We went on through a back street or two, and then into a huge, miserable
house, which, a hundred years ago, perhaps, had witnessed the luxury, and
rung to the laughter of some one great fashionable family, alone there
in their glory. Now every room of it held its family, or its group of
families--a phalanstery of all the fiends;--its grand staircase, with the
carved balustrades rotting and crumbling away piecemeal, converted into a
common sewer for all its inmates. Up stair after stair we went, while wails
of children, and curses of men, steamed out upon the hot stifling rush of
air from every doorway, till, at the topmost story, we knocked at a garret
door. We entered. Bare it was of furniture, comfortless, and freezing cold;
but, with the exception of the plaster dropping from the roof, and the
broken windows, patched with rags and paper, there was a scrupulous
neatness about the whole, which contrasted strangely with the filth and
slovenliness outside.

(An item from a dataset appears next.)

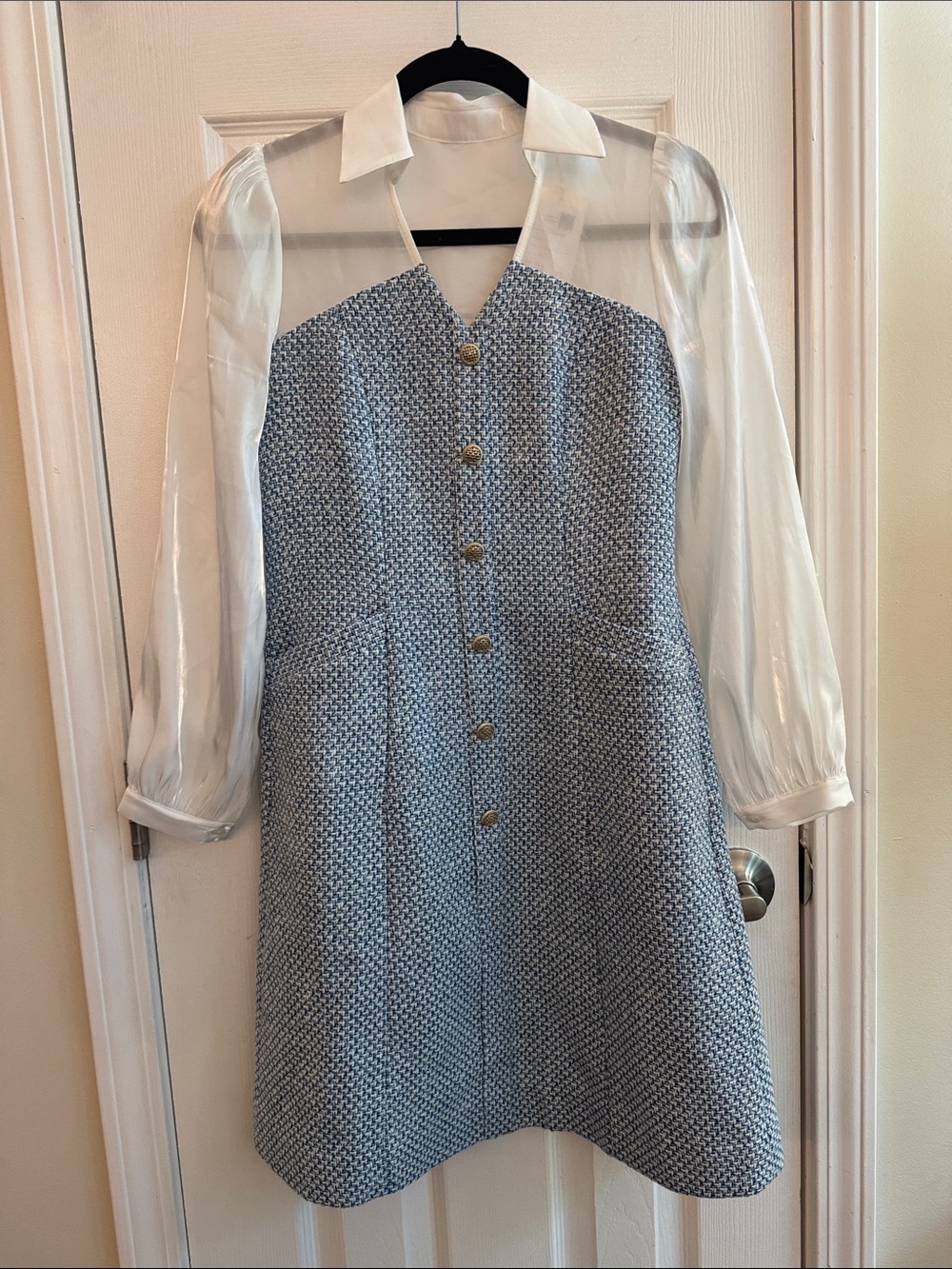 GOELIA Tweed Collared Mini Dress Sheer Sleeves Size XS NWT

There was no bed in the room--no table. On a broken
chair by the chimney sat a miserable old woman, fancying that she was
warming her hands over embers which had long been cold, shaking her head,
and muttering to herself, with palsied lips, about the guardians and the
workhouse; while upon a few rags on the floor lay a girl, ugly, small-pox
marked, hollow eyed, emaciated, her only bed clothes the skirt of a large
handsome new riding-habit, at which two other girls, wan and tawdry, were
stitching busily, as they sat right and left of her on the floor.